16)  As I am writing this, Tiger is in second at the  Deutsche Bank Championship.  He is playing golf inverted from back in the day.  He is winning the ones we don’t care about and flailing at the Majors.  He is becoming one of THOSE guys.  Glad to see your game is rounding into form just as the season…pretty much ends.  Good job, El Tigre.

17)  The Cowboys got OL Ryan Cook from Miami.  Umm.  Pittsburgh, don’t we NEED one of those, too, after the DeCastro injury?

18)  The Big East is looking for a 14th member, calling all schools.  The Big East is also looking for the list of its schools presently with all the conference changes.

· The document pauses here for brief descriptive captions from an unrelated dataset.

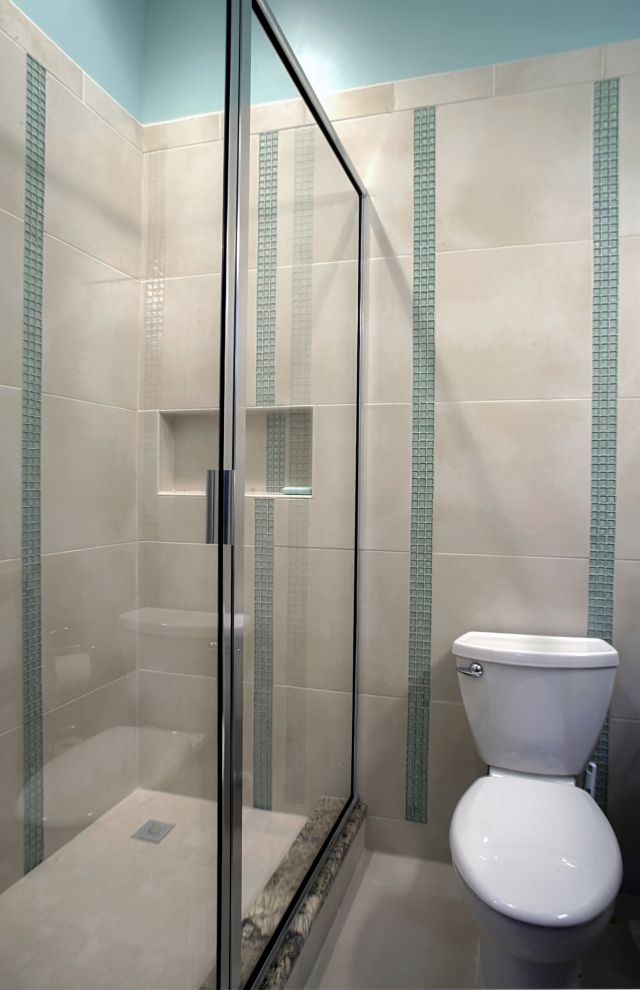 petite salle de bain avec un paroi en verre protection de l39;eau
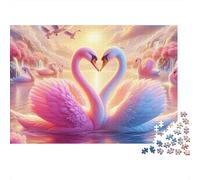 Swans Amar Atardecer Puzzle 1000 Piezas Cartón Reciclado para Parejas Descanso En Casa para Decorar Mejor Regalo Oferta 70x50cm/1000pcs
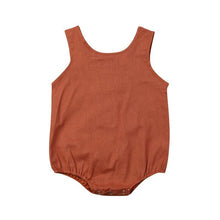 Load image into Gallery viewer, Modern Retro Summer Newborn Baby Girl / Boy Sleeveless Button Bodysuit Outfits Set Romper In elegant Deisgn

19)  Just when Jim Marshall was starting to become an obscure trivia question, his infamous run is revived.  Why? Because of THIS kid from Kent State, who was befuddled on not getting any high fives afterwards (I got you a link that shows BOTH runs by the way).  http://blog.seattlepi.com/seattlesports/2012/08/31/kent-state-player-runs-the-wrong-way-after-fumble-recovery/

20)  And for all of you non retired gamblers or people who just like to watch the lines regardless, here are my picks this week:

Penn State minus 6.5 at home against Ohio.  Listen, they lost some players.  They had a tragedy.  This is the first game back of the game that makes that school go around.  You REALLY think they are not beating Ohio at HOME by more than a touchdown?  I think not.

Nebraska minus 19.5 at home against Southern Miss.  Nebraska will start fast this year, until hitting a brick wall in back to back games against Wisconsin and Ohio State.  Until then, they are home, they have a returning QB, I HATE to pick them with my history with that school, but it IS what it is.  They will win by more than 3 touchdowns.

Miami minus 2.5 away against Boston College.  Come on.  One has a lot of skill.  One doesn’t.  Missing a couple players or not, Miami wins this by two touchdowns.  This is your Christmas present from Stardust Casino.

Navy plus 10 at in Ireland against Notre Dame.  Notre Dame has the criminals now per Pinkett, and I like Navy to lose, but I think their control running game keeps it close.

Wyoming plus 31.5 away against Texas.  31 points is a lot of points, Wyoming always plays tough it seems, and these aren’t your father’s Longhorns.

Others I would play:

Iowa minus 10 away against Northern Illinois

Georgia minus 38 at home against Buffalo

Florida minus 28.5 at home against Bowling Green

21)  I went to Linkin Park last night.  Those guys are SO phenomenal.  The noise curfew is silly at the amphitheater Lindsey and I went to, but it DID get me some more sleep on a school night.

22)  That is it.  Hope you enjoyed.  Will I blog tomorrow?  That is a CLOWN question, bro.  Peace.